┏━━
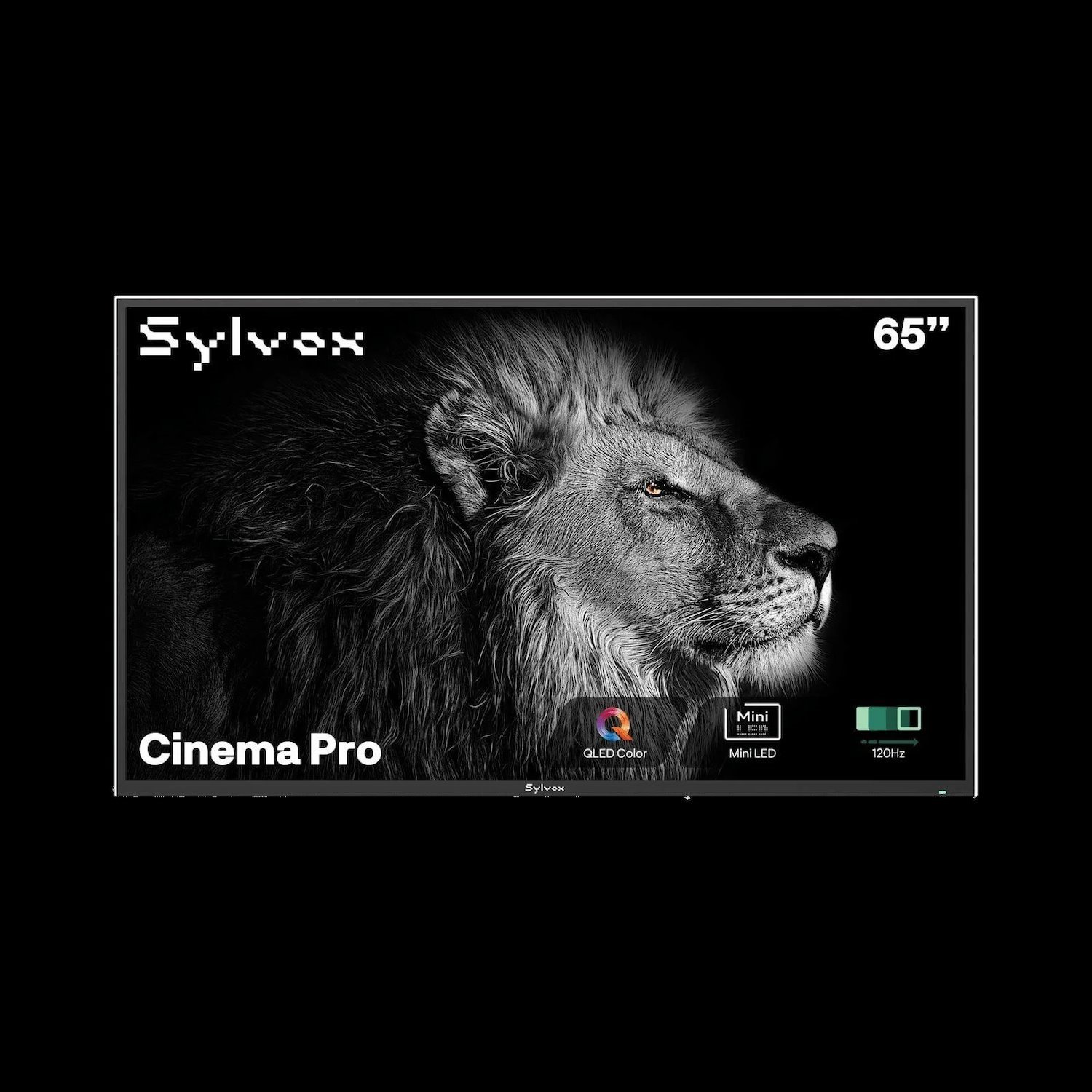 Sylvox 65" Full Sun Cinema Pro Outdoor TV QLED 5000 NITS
┗━━
┏━━
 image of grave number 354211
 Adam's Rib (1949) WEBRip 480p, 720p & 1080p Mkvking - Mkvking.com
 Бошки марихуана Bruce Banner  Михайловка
┗━━
* [Your assignment]
Taking the entries above, restate exactly those lines that fall between the line with "Adam's Rib (1949)" and the line with "Бошки марихуана Bruce", keeping both of those lines too.

* [The answer]
 Adam's Rib (1949) WEBRip 480p, 720p & 1080p Mkvking - Mkvking.com
 Бошки марихуана Bruce Banner  Михайловка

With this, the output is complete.